Since that May day in 2013, United have signed fewer hits than misses, despite Woodward boasting about United’s success last summer while neglecting to mention that they still didn’t do enough. With the January window only recently shut, much of the gossip around United centres on creative players like Jack Grealish and James Maddison, and thrilling wingers such as Jadon Sancho. But Ole Gunnar Solskjaer’s most pressing need is for a central striker.
Solskjaer has had to muddle through without a proven centre-forward all season – and boy, has it shown. But still, United refused to act last month until Marcus Rashford, himself not a central striker, was sidelined with a back injury. Only then, in the last few days of the window, did they finally go to market, when all that was left on the shelf was Odion Ighalo or Glenn Murray.
Ighalo may prove to be an inspired short-term signing but his arrival and its hasty manner directly contradicts Woodward’s talk of ‘a clear plan and philosophy’. Landing Erling Haaland may have given Woodward more authority to speak in such terms but no, the Red Devils suddenly developed principles when it came to dealing with the Borussia Dortmund star’s agent.
Romelu Lukaku’s success at Inter Milan has also applied a gloomier filter to United’s recruitment decision-making. The Belgium striker has struck 21 times for Inter while the criticism of United’s willingness to sell grows with each goal. But selling Lukaku was not United’s big mistake. He wanted to leave and Solskjaer was happy to sell after two years at Old Trafford during which both parties made basic mistakes. Failing to adequately replace him with a top-class, proven striker was United’s grave error, which is why they must make it third time lucky in the summer.
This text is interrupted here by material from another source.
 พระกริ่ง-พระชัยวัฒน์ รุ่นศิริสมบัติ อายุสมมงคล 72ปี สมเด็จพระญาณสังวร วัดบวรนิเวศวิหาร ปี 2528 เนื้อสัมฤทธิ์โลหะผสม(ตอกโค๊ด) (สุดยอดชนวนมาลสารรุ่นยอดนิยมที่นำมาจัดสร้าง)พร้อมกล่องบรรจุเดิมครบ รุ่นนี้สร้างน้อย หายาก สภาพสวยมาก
As United have demonstrated, that’s easier said than done. When was the last time the Red Devils identified and signed a striker who was a sustained success for any period longer than a season or two?
Wayne Rooney? Ruud van Nistelrooy? United have bought many strikers since, with the list stretching to Henrik Larsson, Dimitar Berbatov, Carlos Tevez, Javier Hernandez, Michael Owen, Mame Biram Diouf, Robin van Persie, Radamel Falcao, Anthony Martial and Zlatan Ibrahimovic. Van Persie and Ibrahimovic were both brilliant for a year; Tevez never quite made the position his own and Hernandez was a wonderful impact striker. But not in a decade and a half have they signed and retained a potent goalscoring centre-forward who is capable of leading their line for more than just a year or two.
Woodward and Solskjaer have a ‘young and hungry’ mantra when it comes to identifying transfer targets and in some other areas, United have covered themselves for the long term. Their other reported summer targets could provide that longevity too. But in attack, not yet have they found a forward to make them stop playing the field.
Who might that be? As Woodward says, United should have enough recruitment gurus to work that out for themselves, the same talent-spotters who analysed 804 right-backs before they settled on the most obvious of all, Aaron Wan-Bissaka, last summer.
The net need not be cast quite so far and wide this time; a quick look at the basic numbers paints a clear enough picture to start. Ciro Immobile, Robert Lewandowski and Timo Werner lead the charts with all three already having hit 20-plus league goals for the season. United haven’t had a player break that barrier since Ferguson retired and took Van Persie’s mojo as a souvenir.
Jamie Vardy and Sergio Aguero also feature in the European top ten, which gives a clearer hint at the calibre of goalscorer United should be targeting. Combine that level of potency with the creativity we know they want, and United could indeed seize their ‘important opportunity’. But with Woodward grasping, who knows what, if anything, United might end up with.